We organize our product lines to address four primary communications end-markets. First, our broadband access products include a comprehensive portfolio of DSL products designed for customer premises equipment and central office applications in addition to products designed for emerging passive optical network applications. Second, our broadband media processing products include a variety of broadcast audio and video decoder and encoder devices as well as front-end communications components that enable the capture, display, storage, playback and transfer of audio and video content in digital home and small office products such as PCs, television set-top boxes, gaming consoles, personal video recorders and digital versatile disk (DVD) applications. Third, our universal and voice access products include a broad portfolio of analog modem chipsets and software for desktop and notebook PC applications as well as embedded equipment applications, including fax machines, MFPs, POS terminals, television set-top boxes, gaming consoles and Internet terminals. This product area also includes our voice-over-Internet protocol (VoIP) products designed to accommodate the transmission of voice traffic within broadband IP packet-based networks. And fourth, our wireless networking products include various combinations of radio frequency transceivers, analog base-band integrated circuits, and digital base-band and medium or media access controller (MAC) chips that comply with the various configurations of the 802.11 wireless local area networking (WLAN) standard.

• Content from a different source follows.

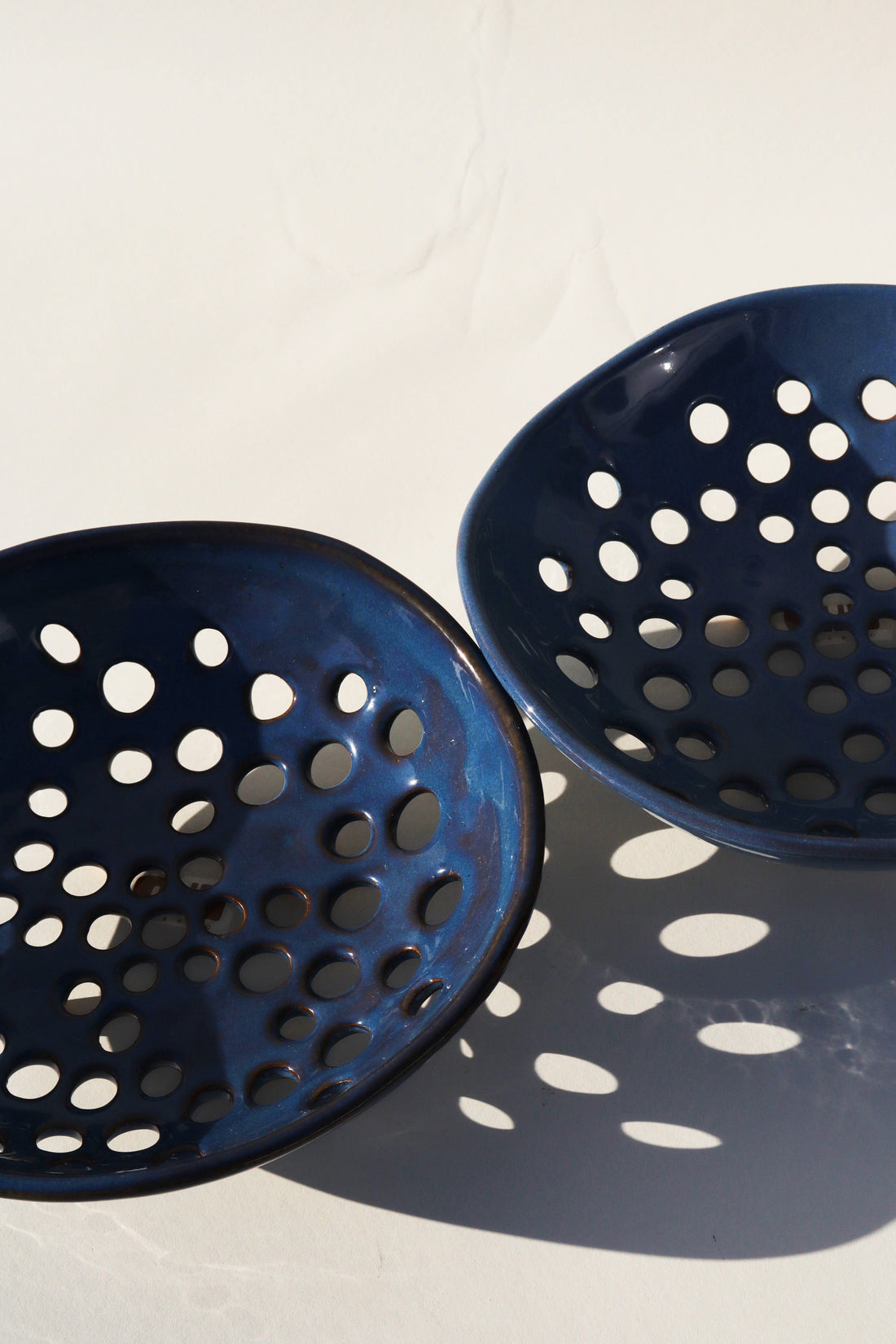 Glazed Garage Ceramics Tableware Newland Colander | Deep Sea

We market and sell our semiconductor products and system solutions directly to leading original equipment manufacturers (OEMs) of communication electronics products, and indirectly through electronic components distributors. We also sell our products to third-party electronic manufacturing service providers, who manufacture products incorporating our semiconductor products for OEMs. Sales to distributors and other resellers accounted for approximately 35% of net revenues in the first nine months of fiscal 2006, as compared to 28% for the similar period of fiscal 2005. For the three months ended June 30, 2005 and the nine months ended June 30, 2006 and 2005, no customer accounted for 10% or more of net revenues. There was one customer that accounted for 10% of net revenues for the three months ended June 30, 2006. Our top 20 customers accounted for approximately 66% and 65% of net revenues for the first nine months of fiscal 2006 and 2005, respectively. Revenues derived from customers located in the Asia-Pacific region, the Americas, and Europe (including the Middle East and Africa) were 82%, 11%, and 7%, respectively, of our net revenues for the first nine months of fiscal 2006 and were 79%, 13%, and 8%, respectively, of our net revenues for the first nine months of fiscal 2005. We believe a portion of the products we sell to OEMs and third-party manufacturing service providers in the Asia-Pacific region are ultimately shipped to end-markets in the Americas and Europe.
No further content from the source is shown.